Военное дело давно ушло от стадии «вижу-стреляю». Это было делом кочевников – метко попадать на скаку в любую цель. Сейчас можно «накидать» из тыла настолько мощными боеприпасами, что никакой пехотинец и близко сравниться не может. Основной метод боя — «артиллерийская разведка боем» – то есть система «вижу-корректирую». А автомат стал оружием самообороны.

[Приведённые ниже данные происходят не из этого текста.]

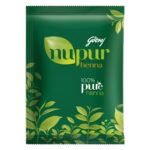 GODREJ NUPUR HENNA POWDER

И все хотят как можно большую зону поля боя «накрыть» своими секторами наблюдения. Прицелами, коптерами, Орланами, тепловизорами, биноклями. В текущих реалиях это дает интересный эффект – тысячи глаз через тысячи приборов наблюдают поле боя, анализируют его в меру своих навыков и по сотням радиосетей передают данные тысячам адресатов. Напоминает это даже не паутину, а скорее войлок под микроскопом – все волокна идут как «исторически сложилось», но все со всем связано, и довольно плотно. При этом где-то в этом «войлоке» существуют штабы нескольких уровней, пытающиеся все это как-то упорядочить, отфильтровать и организовать.
Я не буду приводить тут банальную математику – сколько надо коптеров на контроль _ТАКОГО_ поля боя. Дело не только в насыщении войск достаточным количеством БПЛА самых разных типов – легких или тяжелых, компактных или далеко летящих. Вертолетного, самолетного, гибридного типа… Всего этого больше и больше на фронте. Как и стремительно появившейся самоделки типа «пенек с глазами» – замаскированное наземное устройство наблюдения, установленное в удобном месте с протянутым кабелем — хит сезона военного «колхозостроения». Отлично работает в городских условиях, на возвышенностях, трубах заводских, многоэтажках с хорошим видом.
Вызов в чем – почти во всех случаях сигнал в итоге обрабатывает человек, берет рацию – и докладывает по форме куда надо. И начинается вся эта цепочка оценки – принятия решений – передачи команд. Картинка же с наблюдательного прибора, как правило, пределов монитора разведчика даже не покидает.
Я специально опрашивал всех, до кого мог дотянуться с фронта – включая тех, кому уехал мой старый коптер. В основном, ДНР – они охотно общаются. «Отправляете ли куда-то файлы? Анализируете ли их? Храните, архивируете?»
Для меня, как для человека, работающего в гражданской профессии – кино, обработка отснятых данных – и «провернувшего» в жизни за пять тысяч терабайт – удивительно и печально на все это слышать ответ «НЕТ, нам не до того»
Мне очевидно, что система наблюдения поля боя будущего будет собирать копии всех видеопотоков, а потом – после посадки – и файлов высокого разрешения, ведь радиоканал драматически режет качество картинки. И вести обработку этих данных СРАЗУ СО ВСЕХ источников одновременно, в оптике, в радио, в ИК и УФ – вычисляя изменения, обнаруживая движение, проводя т.н. копмлексирование – взаимное наложение самых разных источников сигнала друг на друга с целью выявить соответствия.
Это никак не мешает «войлоку» армейской системы связи и принятия решений работать. Это именно анализ КОПИЙ данных в глубоком тылу, на мощнейших машинах, десятками разных алгоритмов. Анализ, ведущийся как единая система на весь театр военных действий. Предоставляющий командованию еще одну возможность понять ход мыслей противника – вот вчера на этом поле ничего не было, а сегодня – следы гусениц, вот вам два кадра встык, принимайте решение. Вот на таком-то кадре детальный анализ заметил движение – кусок отправлен на повышение четкости – подозрение на замаскированную позицию наблюдателя. Ведь это все технически уже есть – у систем безопасности аэропортов на тысячи камер, например, хотя там и ищутся чуть другие вещи. И специалистов по нейросетям в стране порядочно…
Такой подход немыслим без целой системы тыловых ретрансляторов – надо собирать и передавать в прямом эфире неслыханные доселе потоки – сотни гигабит. Надо их отдавать «в тыл», в крупные города, на суперкомпьютеры, обученные нейросети и грамотных операторов.
Но это даст принципиально новое КАЧЕСТВО наблюдения поля боя. И, опять-таки, это вопрос инженерный, а не научный. Все компоненты для такого подхода у нас есть.